Seventy-Five Views of the Golden Gate Bridge
These images are selected from a larger work-in-progress titled “Seventy-Five Views of the Golden Gate Bridge”—a collection of black and white photographs inspired by the Japanese artist Hokusai’s, “Thirty-Six Views of Mount Fuji.” Following in Hokusai’s footsteps, I’ seek to capture the Golden Gate Bridge in a variety of seasons and weathers and moods.
I often tell myself that the Golden Gate Bridge is like a marvelous movie star with an unlimited wardrobe: she uses the fog as evening gowns, clouds as hairstyles, and the waves as her high-heeled shoes. As the wind continually shifts her garments, I do my best to capture the show.
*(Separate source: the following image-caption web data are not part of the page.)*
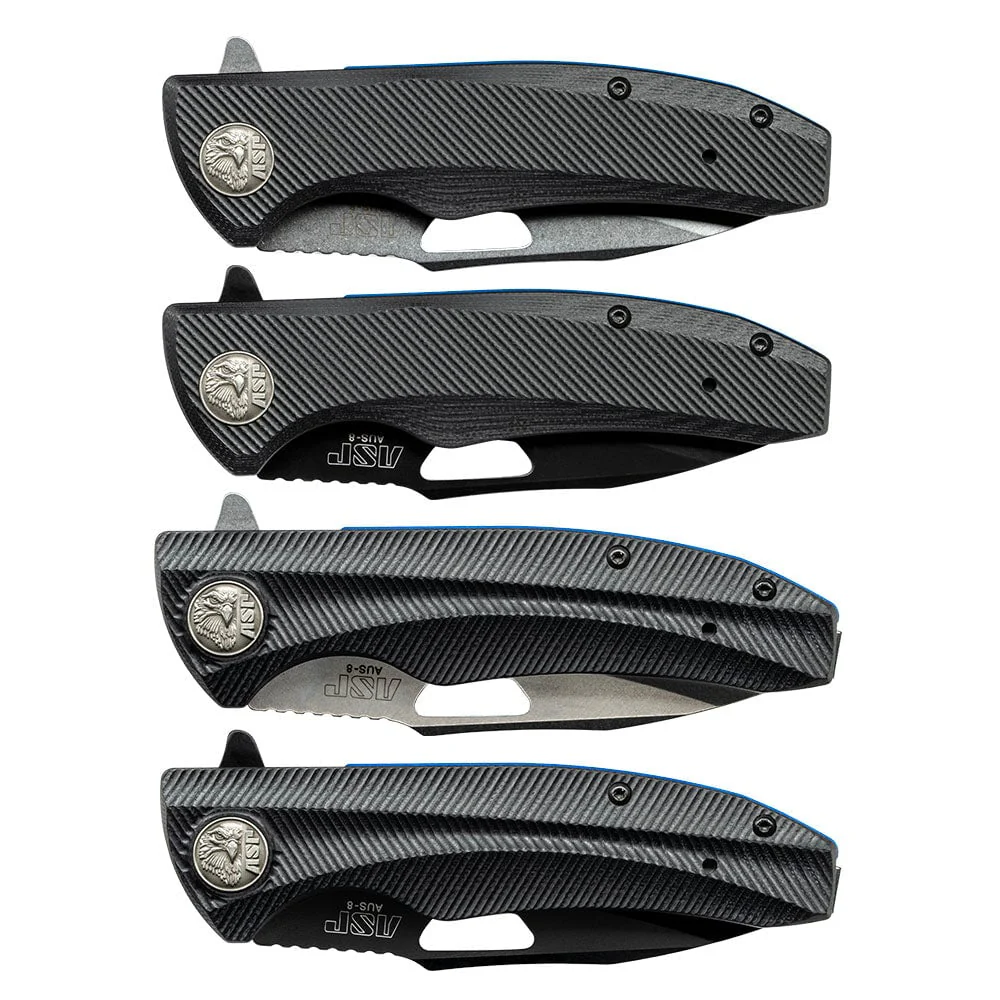 Police Duty Knife (PDK) Classic Folder - Image 3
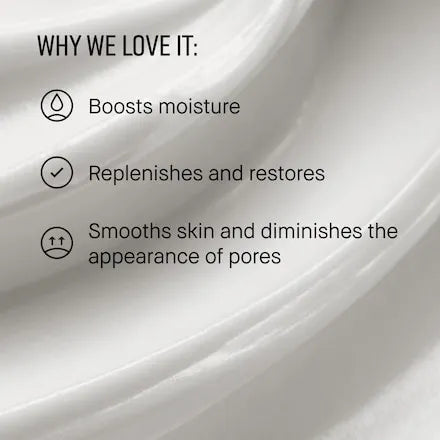 Extra Repair Moisture Cream Intense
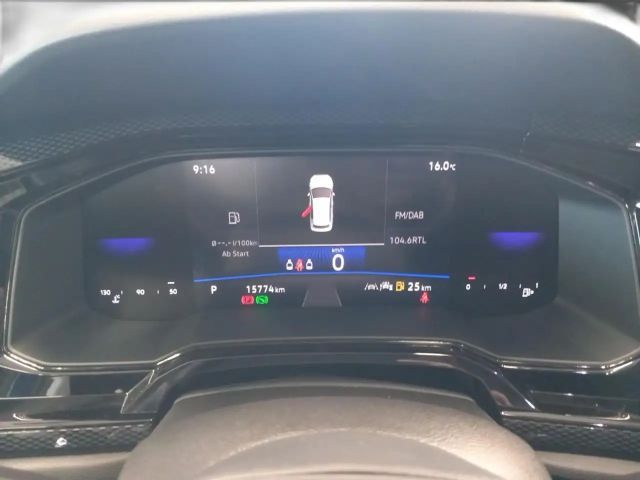 Volkswagen Taigo 1.0 TSI DSG Life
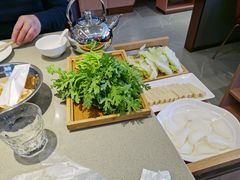 -蝎王府羊蝎子(西直门店)
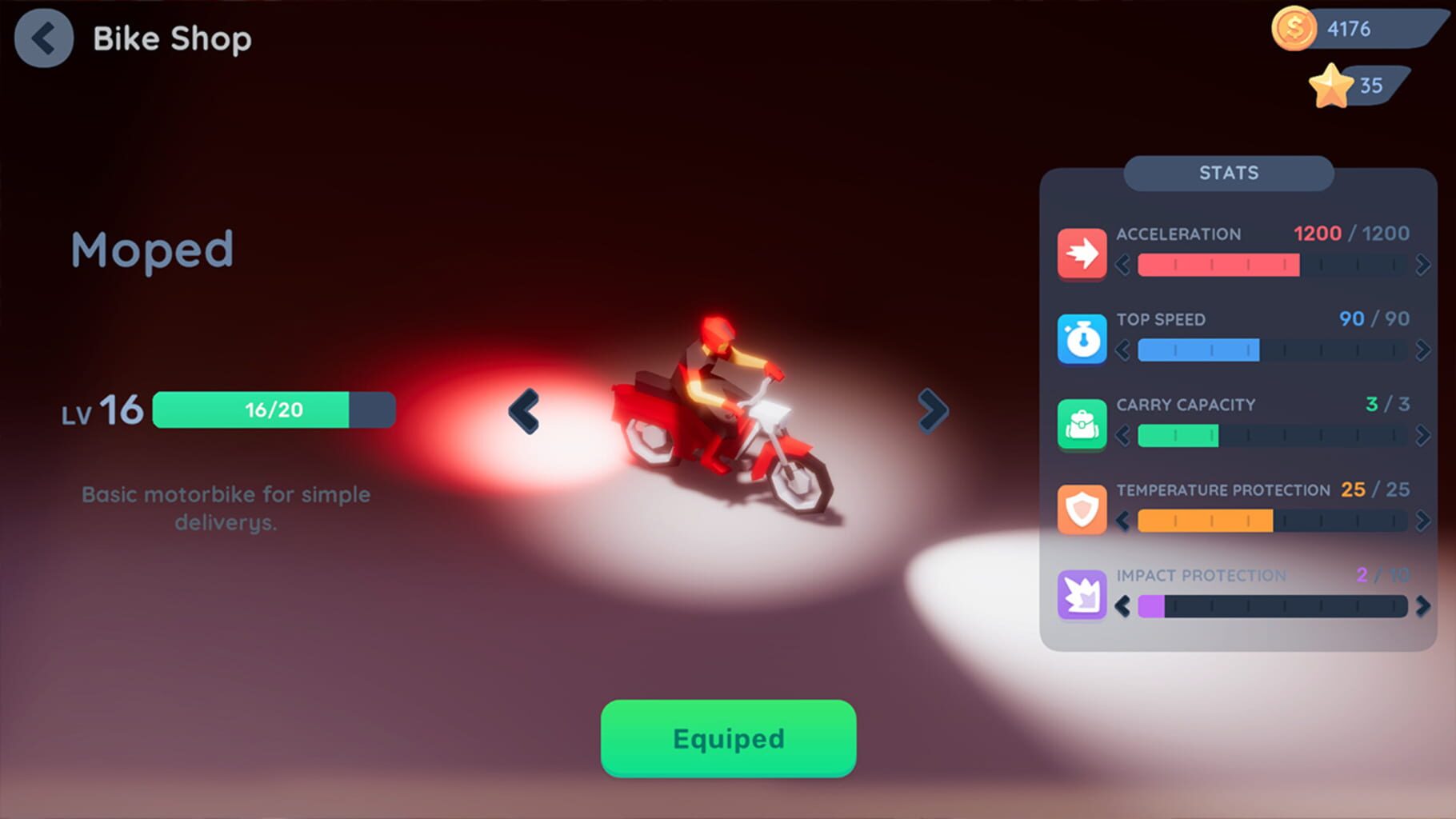 Overdelivery: Delivery Simulator screenshot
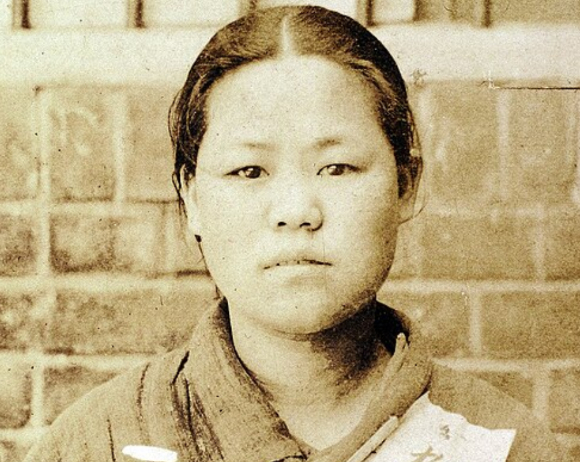 미국 일간 뉴욕타임스(NYT)가 역사적 여성 인물 100여 명에 한국의 유관순 열사와 일본군 위안부 피해자 길원옥 할머니 이름을 올렸다. 사진은 유 열사. [사진=위키백과 ]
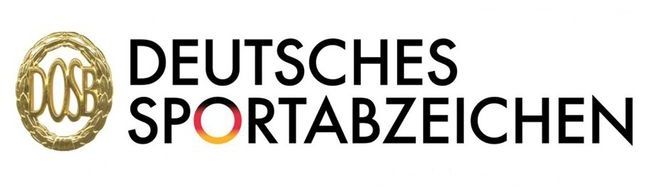 Einundfünfzig Kinder erhalten Deutsches Sportabzeichen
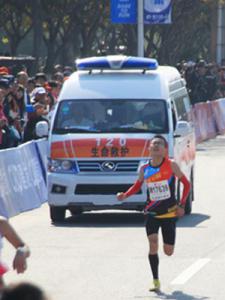 利辛县大型活动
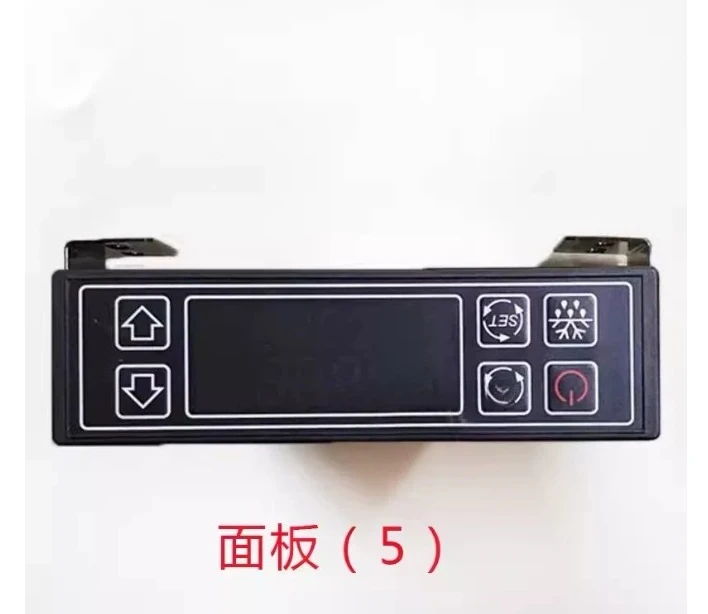 79-60409-02 Cab Command Controller for Carrier Viento 200 300 350, Aftermarket Carrier Transicold Replacement Part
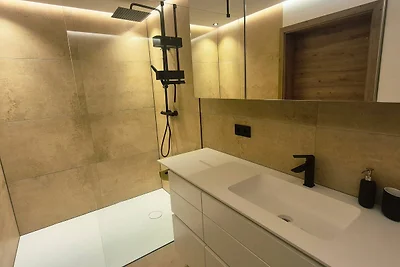 Ferienwohnung Holzeralmblick klein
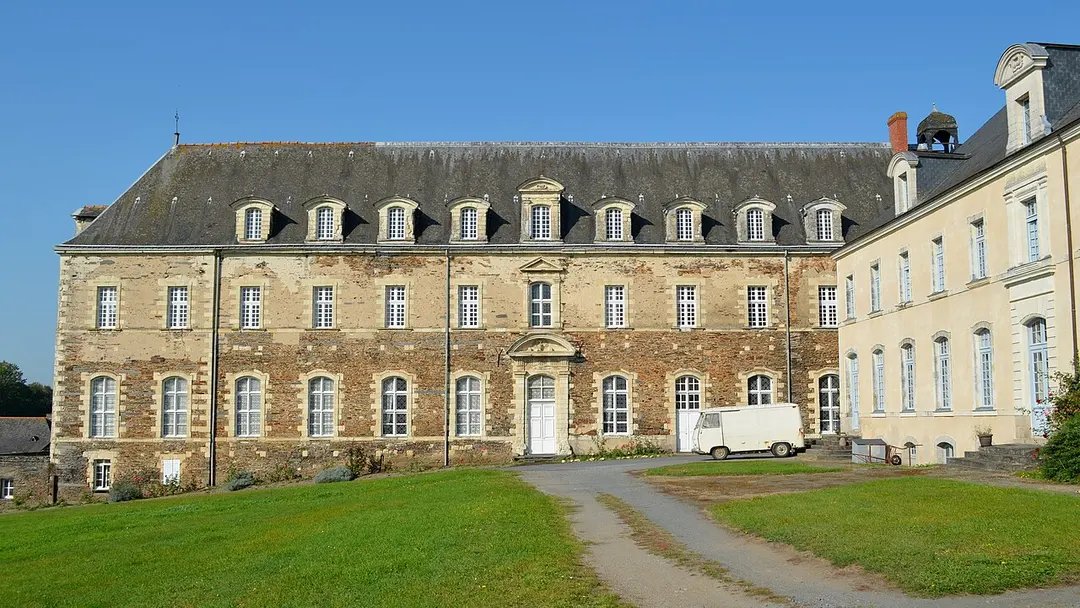Abbaye Notre-Dame de Melleray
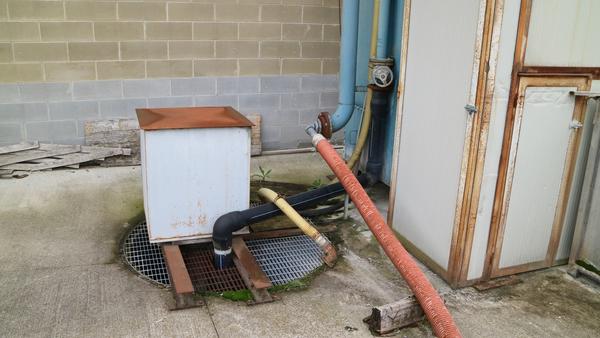 2#3053 Macchinari  lavorazione marmo e carrello elevatore Clarck in vendita - foto 67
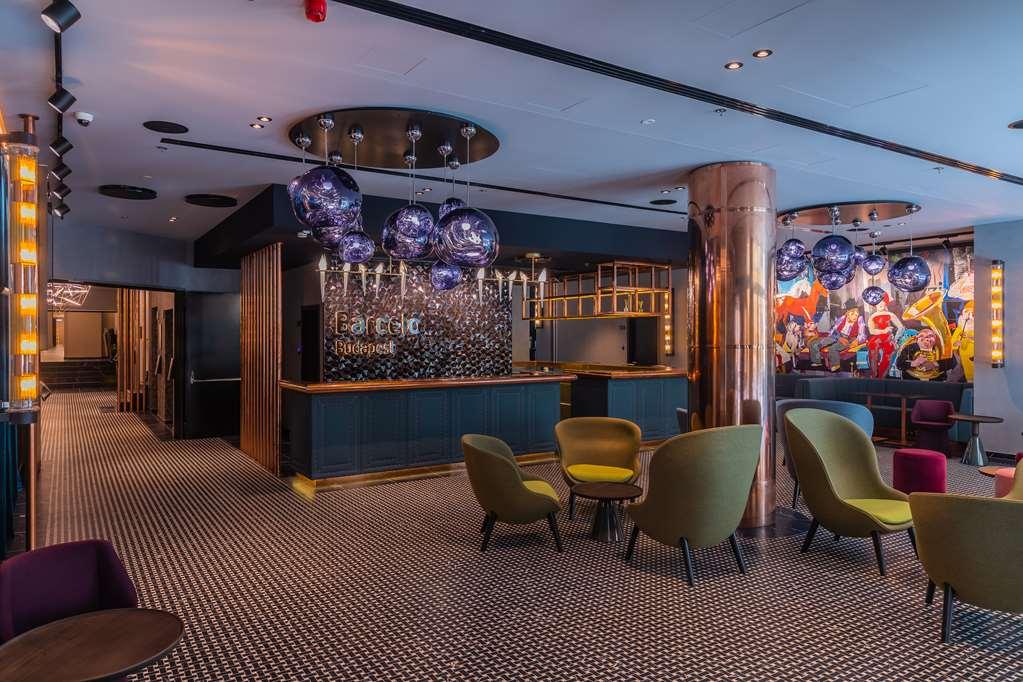 Barcelo 4* Будапешт
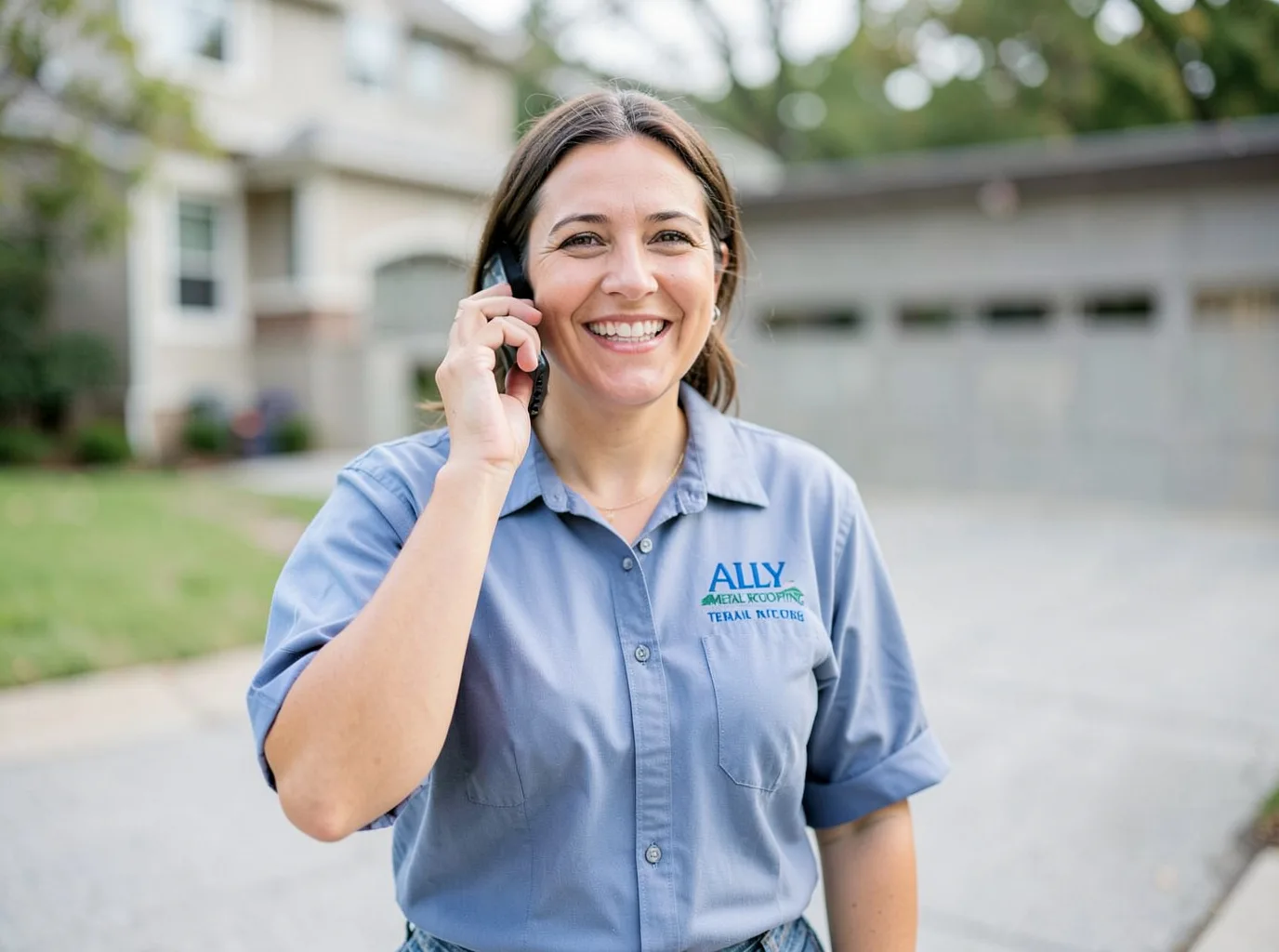 Metal Roof Installation Anchor Point, AK FAQs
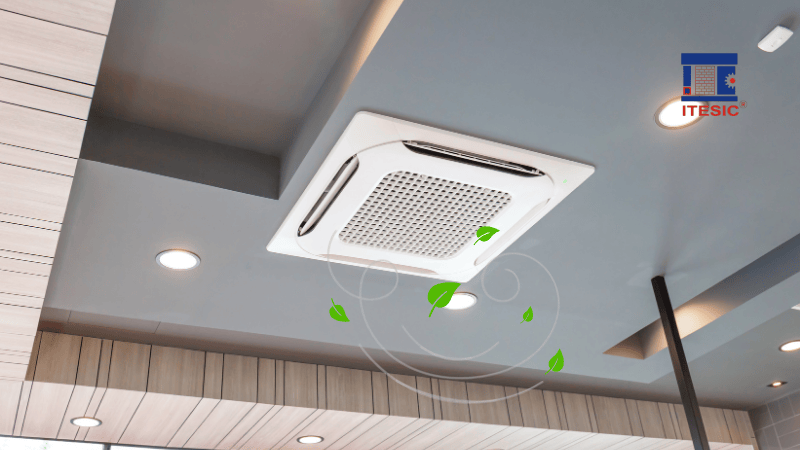 Khả Năng Làm Mát Của Điều Hòa: Bí Quyết Chọn Mua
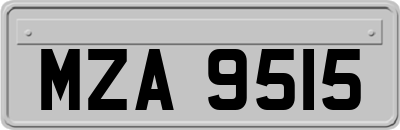MZA9515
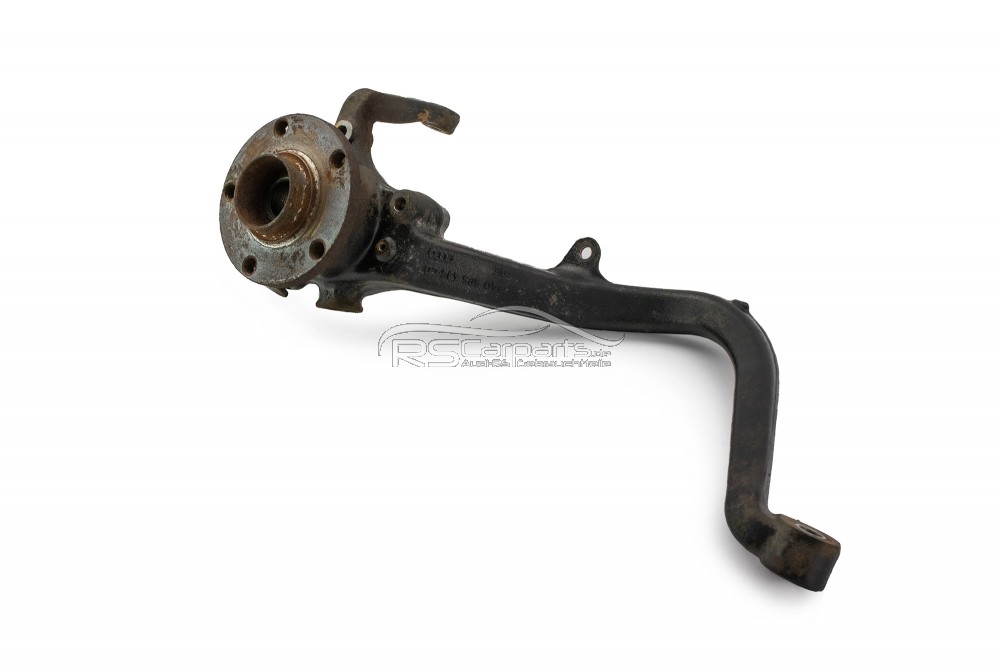Radlagergehäuse Achsschenkel hinten rechts Audi A4 S4 B5 / 8A0505428G 8A0505436CD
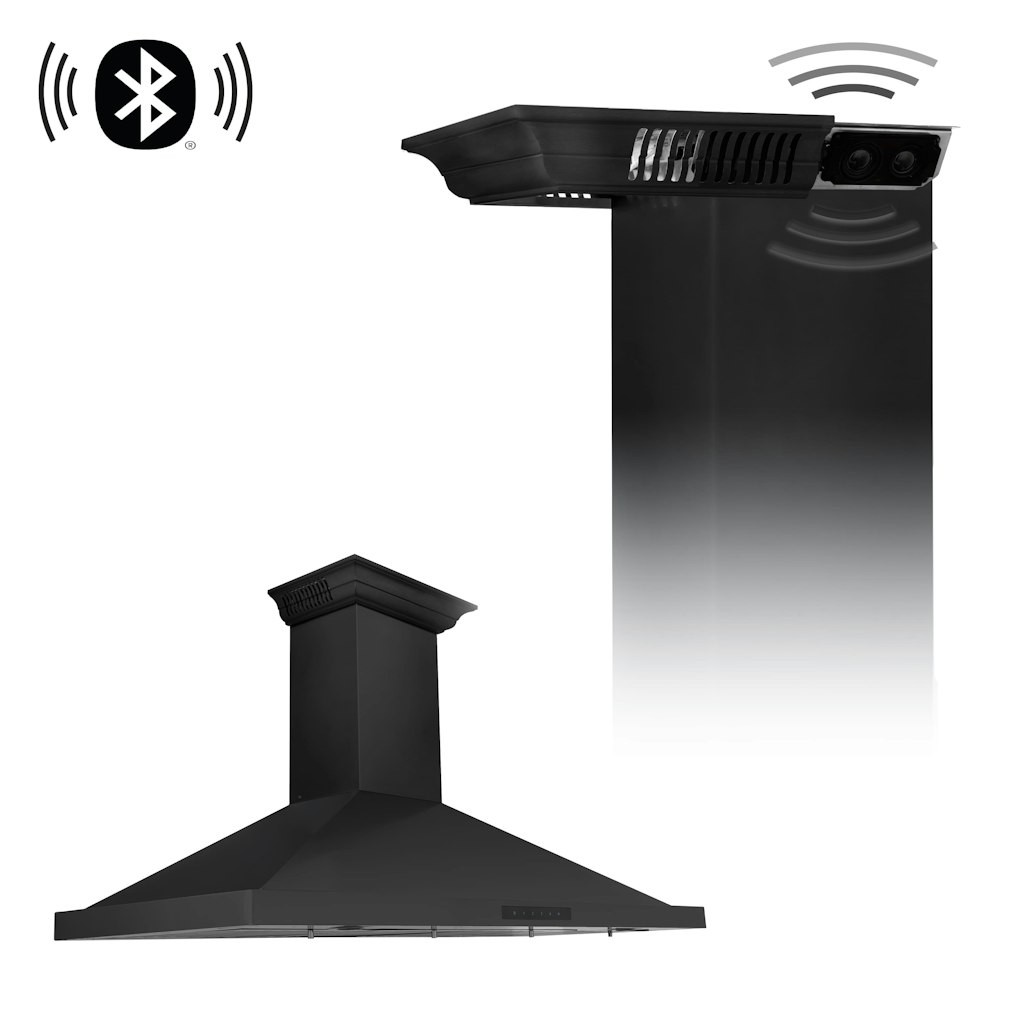 Zline 48-Inch Externally Vented Wall Range Hood: $1,104.99 Zline 48-Inch Externally Vented Wall Range Hood: $1,104.99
Shooting the Bridge, I have run into many hidden challenges as well. Often the fog, wind, and stinging rain are so cold that I feel like I’m working in snow country. It’s almost as if the bridge has her own private weather systems, which she swirls and commands to protect her secrets long before I can even finish setting up my tripod. Even something as simple as getting permission to access the bridge often seems like an insuperable task, whether I’m dealing the City or with private home and office owners who sharing views of the bridge from their windows.
Most challenging of all, the Golden Gate Bridge is among the most frequently-photographed landmarks on earth: how then can I find fresh ways to capture her timeless beauty? This in turn means learning how to see the Golden Gate itself with fresh eyes—to transform a postcard landmark admired by millions into revelations frozen in time.